▸ Work order
Using the listing below, give again exactly the lines from the line with "Used 27 Gallon" to the line with "Champagne Glass pink 11pc. Balloon Bouquet", inclusive, without the pictures.

▸ Material for this task
■ ■ ■ ■ ■ ■ ■

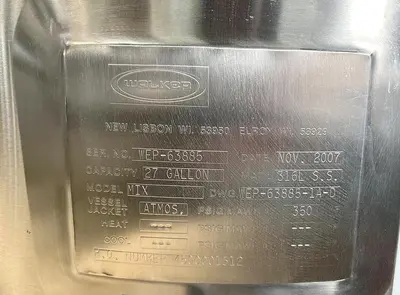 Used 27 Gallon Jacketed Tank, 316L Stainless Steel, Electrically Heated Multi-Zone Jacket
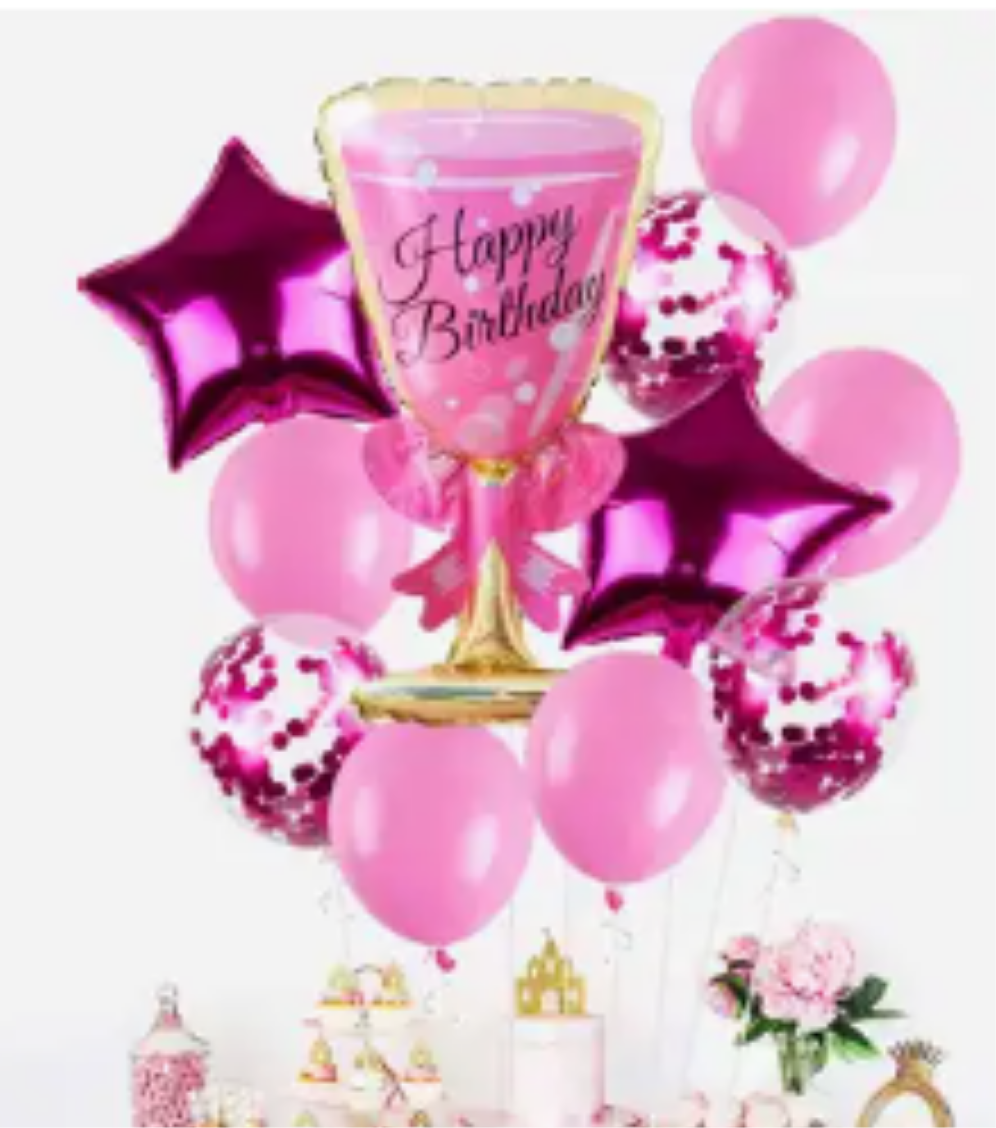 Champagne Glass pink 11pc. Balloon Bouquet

■ ■ ■ ■ ■ ■ ■

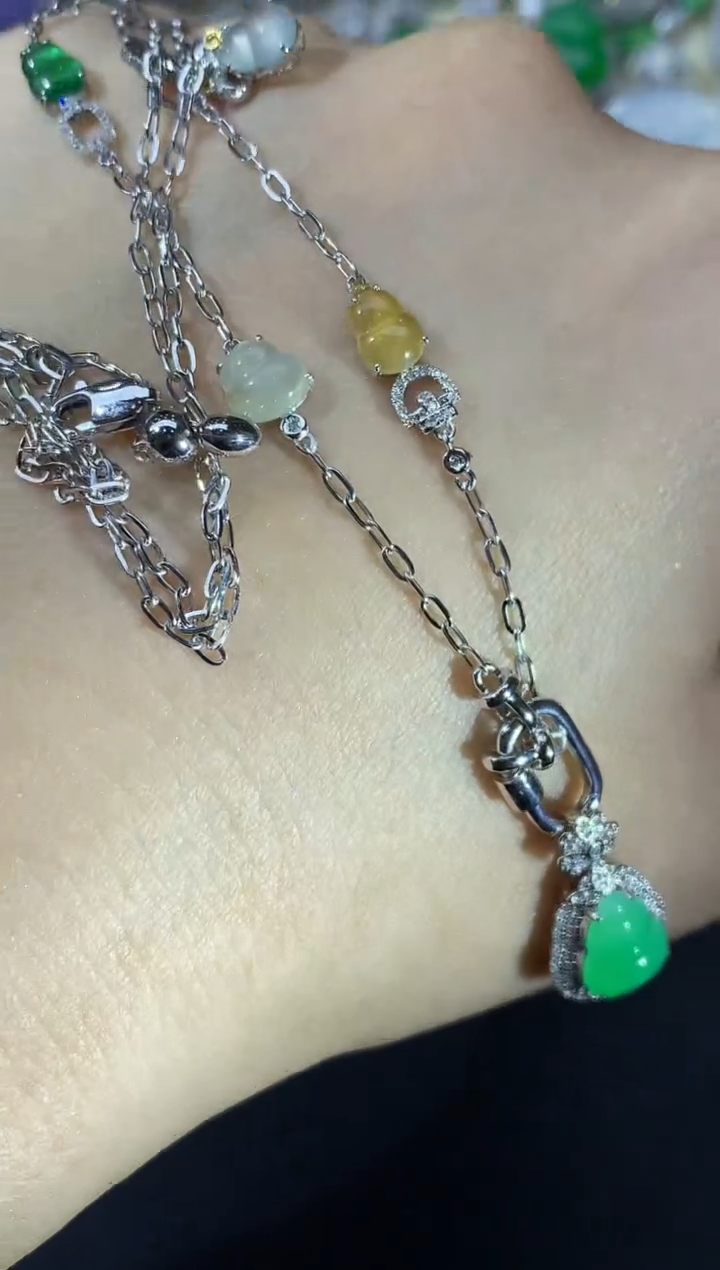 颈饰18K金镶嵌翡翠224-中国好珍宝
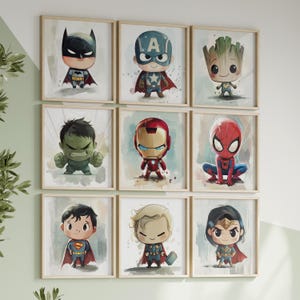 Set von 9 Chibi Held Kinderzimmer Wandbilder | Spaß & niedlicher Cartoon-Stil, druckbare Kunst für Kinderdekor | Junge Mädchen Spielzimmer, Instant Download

■ ■ ■ ■ ■ ■ ■

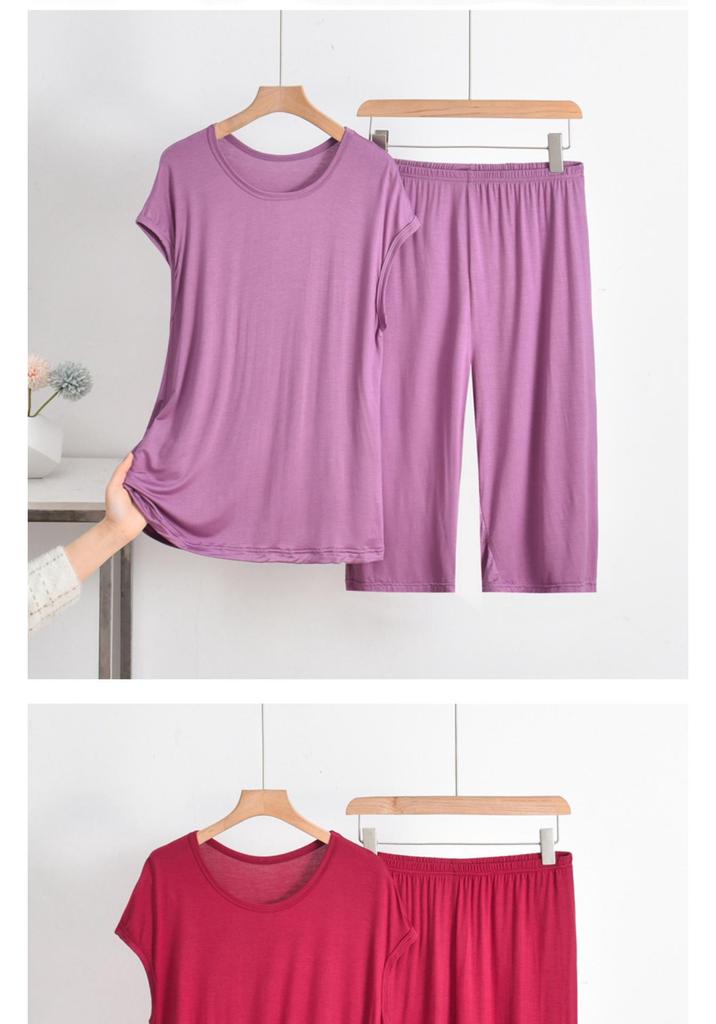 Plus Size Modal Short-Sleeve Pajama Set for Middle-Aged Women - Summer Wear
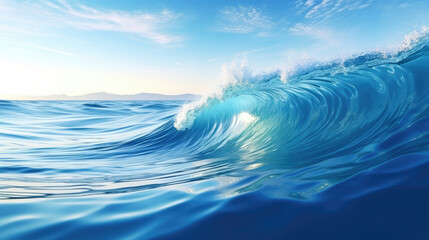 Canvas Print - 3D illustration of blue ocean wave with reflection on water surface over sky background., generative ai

■ ■ ■ ■ ■ ■ ■

▸ Response box
 Used 27 Gallon Jacketed Tank, 316L Stainless Steel, Electrically Heated Multi-Zone Jacket
 Champagne Glass pink 11pc. Balloon Bouquet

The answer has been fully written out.